Comme quoi on ne connait pas non seulement le noyau de notre planète, mais aussi le manteau désormais, et on apprend tout ça sur à peine 2 mois …. : que connait-on vraiment ? Z .

Une nouvelle couche de roches inconnue jusqu’ici vient d’être découverte dans le manteau terrestre. Elle a la particularité d’être incroyablement rigide. D’après les chercheurs, cette caractéristique pourrait expliquer des phénomènes géologiques encore mystérieux.

« Nous en savons beaucoup plus sur la surface de Mars que sur l’intérieur de la Terre, » explique Lowell Miyagi de l’université de l’Utah. Lui et son équipe viennent en effet de découvrir ce qu’ils pensent être une couche de roches encore inconnue à l’intérieur de notre planète.

Située à quelque 1.500 kilomètres sous la surface de la Terre, il s’agirait d’une strate de ce que l’on nomme le manteau. Mais à la différence d’autres couches, celle-ci ne se caractérise pas par sa teneur en certains minéraux. Plutôt par son incroyable rigidité puisqu’elle présente une viscosité dynamique de 1.000 milliards de pascals-secondes !

À titre de comparaison, l’eau se situe à 0,001 et le beurre de cacahuète à 200, ont expliqué les chercheurs dans un communiqué. La présence d’une couche aussi rigide à cette profondeur pourrait faire la lumière sur certains phénomènes géologiques encore mystérieux.

Une rigidité qui bloque la plongée des plaques

Rappelons tout d’abord que notre planète est composée de 3 couches principales, de l’extérieur vers l’intérieur : la croûte terrestre, le manteau et le noyau, qui contiendrait lui-même une « graine » découverte récemment. La croûte est divisée en plaques tectoniques qui « flottent » sur le manteau. Là où elles se rencontrent, la plus dense des deux passe sous l’autre : c’est le phénomène de subduction.

Les scientifiques ont observé depuis longtemps que lorsque les plaques tectoniques plongent dans le manteau, elles semblent toutes bloquer leur descente à une même profondeur : 1.500 kilomètres.
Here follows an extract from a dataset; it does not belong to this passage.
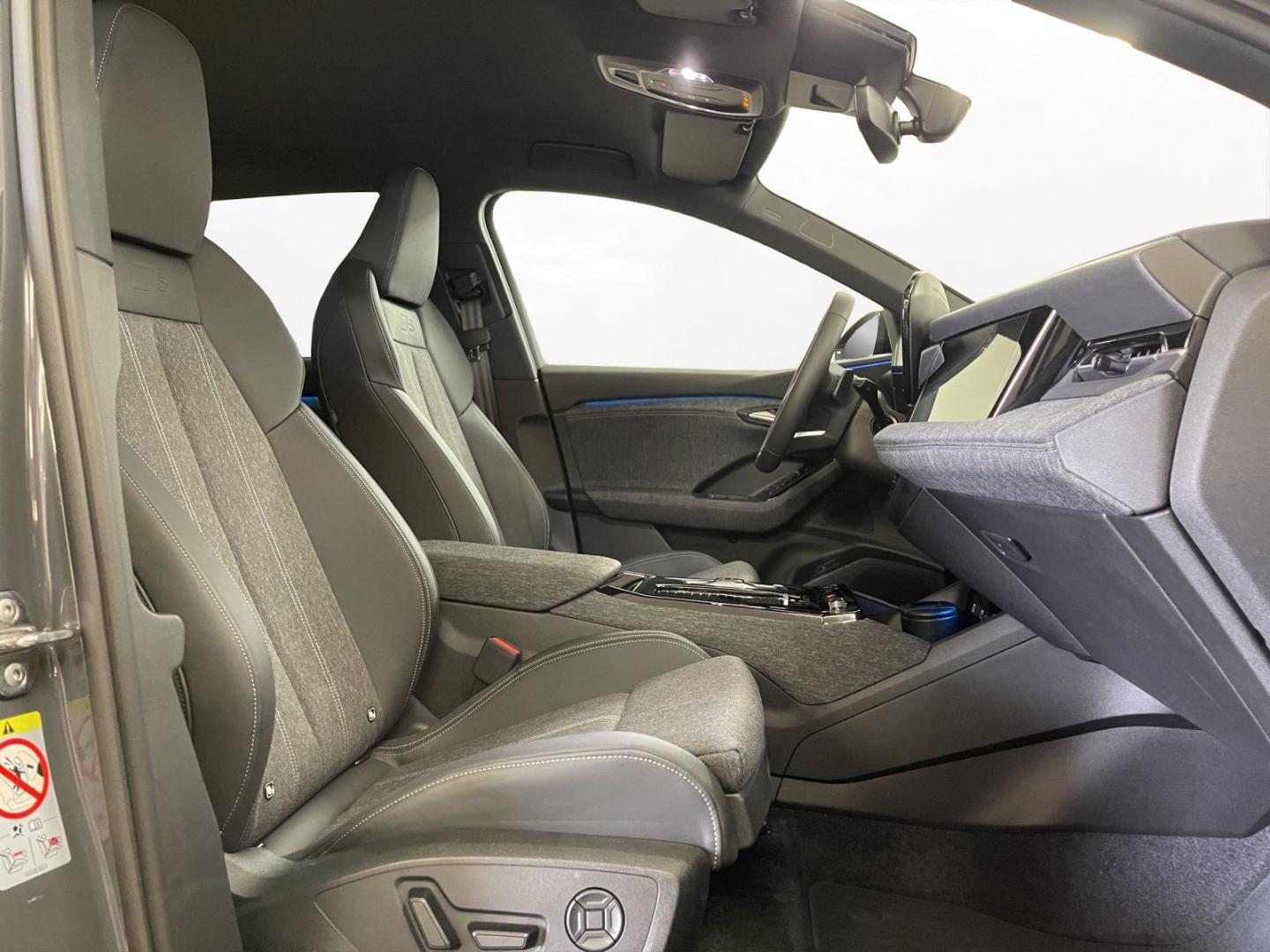 Image about Audi Q6 SUV e-tron e-tron performance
Or, il s’agirait justement de la limite supérieure de la nouvelle couche découverte par Lowell Miyagi et son équipe. D’après eux, elle pourrait ainsi être la cause de cette observation qui laisse encore les géologues perplexes.

« Cette augmentation de la viscosité est susceptible de causer le blocage des plaques subsidentes – au moins temporairement – à environ 1.500 kilomètres de profondeur, » a expliqué Lowell Miyagi.

Une couche profonde pour expliquer des observations en surface

Les chercheurs rappellent que le mouvement des plaques est justement entraîné par la subduction : la partie plongeante tire le reste de la plaque. « Tout ce qui affecte la façon dont une plaque subducte va, à tous les échelons, affecter les tremblements de terre et le volcanisme », a donc affirmé Lowell Miyagi.

Les scientifiques s’interrogent par exemple sur la source des tremblements de terre profonds. La plupart ont lieu dans la croûte ou très proche de la surface. Mais certains sont situés plus bas dans le manteau. Ceci pourrait être, encore une fois, dû à la présence de cette nouvelle couche super-rigide. En bloquant la plongée des plaques, elle pourrait entraîner leur rupture et donc ces mystérieux tremblements de terre profonds.

Les différences de composition des magmas sont elles aussi, encore peu comprises. On distingue deux types de volcans océaniques à partir de cette composition : ceux des dorsales et ceux des points chauds comme l’île d’Hawaï. Les premiers expulsent un magma composé de roches jeunes et bien mélangées alors que pour les secondes, il s’agit de roches anciennes et peu mélangées. La nouvelle couche du manteau pourrait donc être à l’origine de ces différences.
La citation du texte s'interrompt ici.